Wgłębiając się nieco w sytuację na rynku można stracić nieco z dobrego nastroju, bo w statystykach bynajmniej nie widać tej przewagi popytu, którą sugerują wyniki indeksów. Liczba spółek rosnących była bardzo zbliżona do spadających, ba tych ostatnich było nawet o 8 więcej (159). A do tego mizerne obroty, które znów nie przekroczyły nawet miliarda złotych.
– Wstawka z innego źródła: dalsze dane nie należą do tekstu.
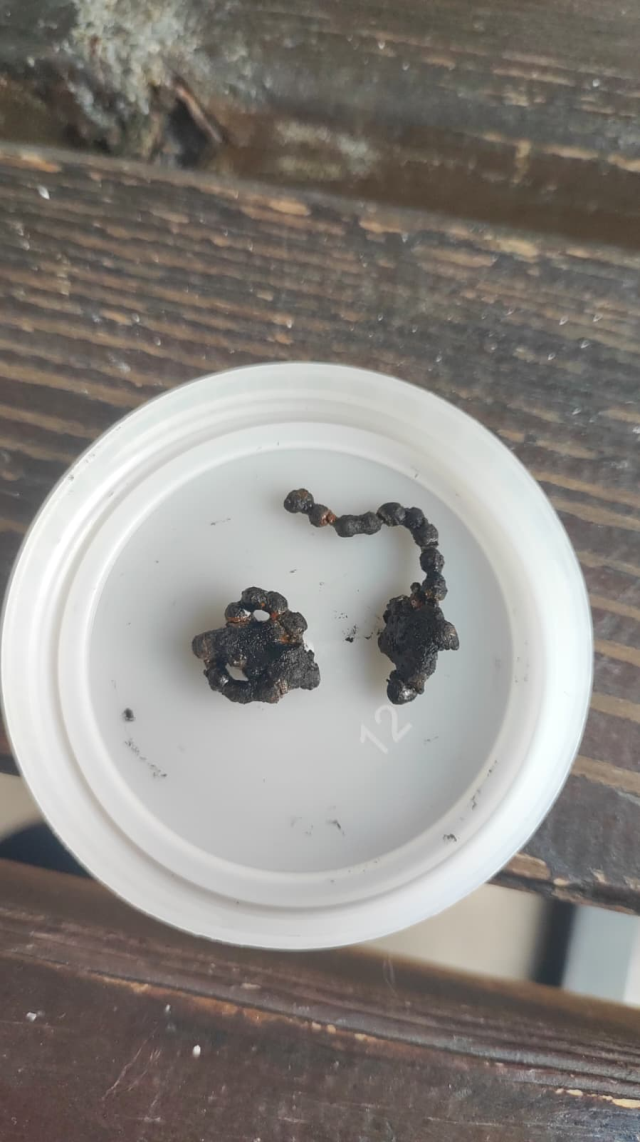 5 yaşındaki Polen yıllarca böyle yaşamış! Burnundan ameliyatla çıkardılar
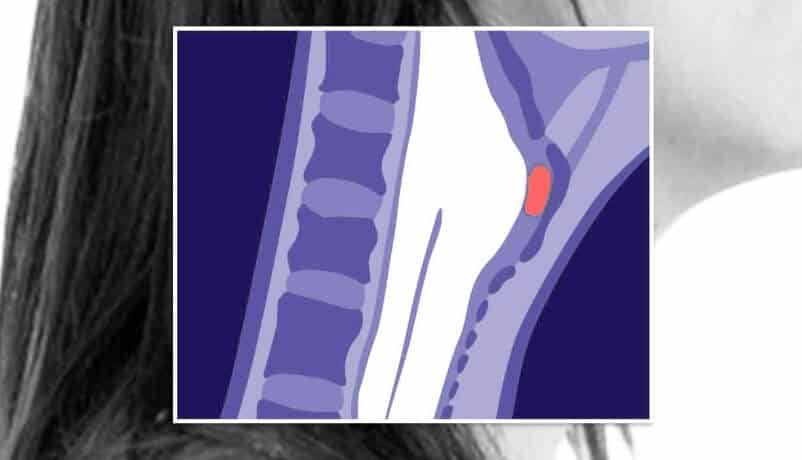 Head Neck cancer location illustration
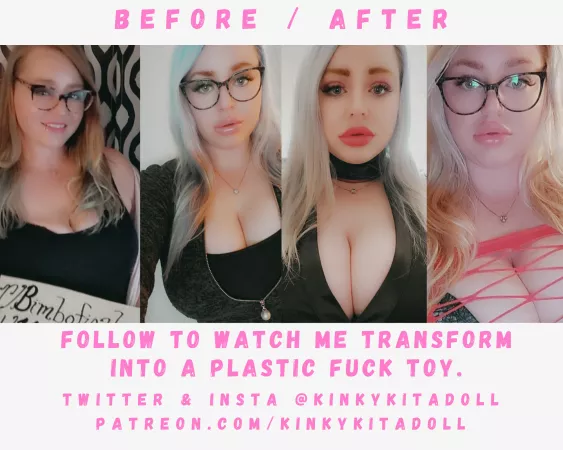 From my verification picture from last year to now. Getting more fillers next month, can't wait. 🥰 by KinkyKitaDoll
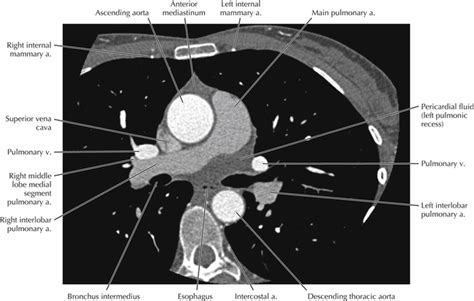 Cardiac Anatomy Using Ct Radiology Key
Inwestorzy, którzy mogli mieć nadzieję na to, że przełom jest tuż-tuż mają prawo być nieco zdezorientowani. Miało być dobrze, a wyszło jak zwykle. Ale nadziei na kontynuację wzrostów z pierwszej części ubiegłego tygodnia nie wolno tracić. Gracze czekają na impuls i mogą go dostarczyć spodziewane jeszcze w tym tygodniu dane makro z USA, dotyczące najpotężniejszej gospodarki świata, a także kwartalne wyniki spółek.
Poniedziałek zaczął się dobrze dla inwestorów za Oceanem, indeksy Dow Jones, S&P oraz Nasdaq poszły w górę od 1 do 1,8 proc., co daje pewne nadzieje na to, że i u nas we wtorek wzrosty cen będą kontynuowane.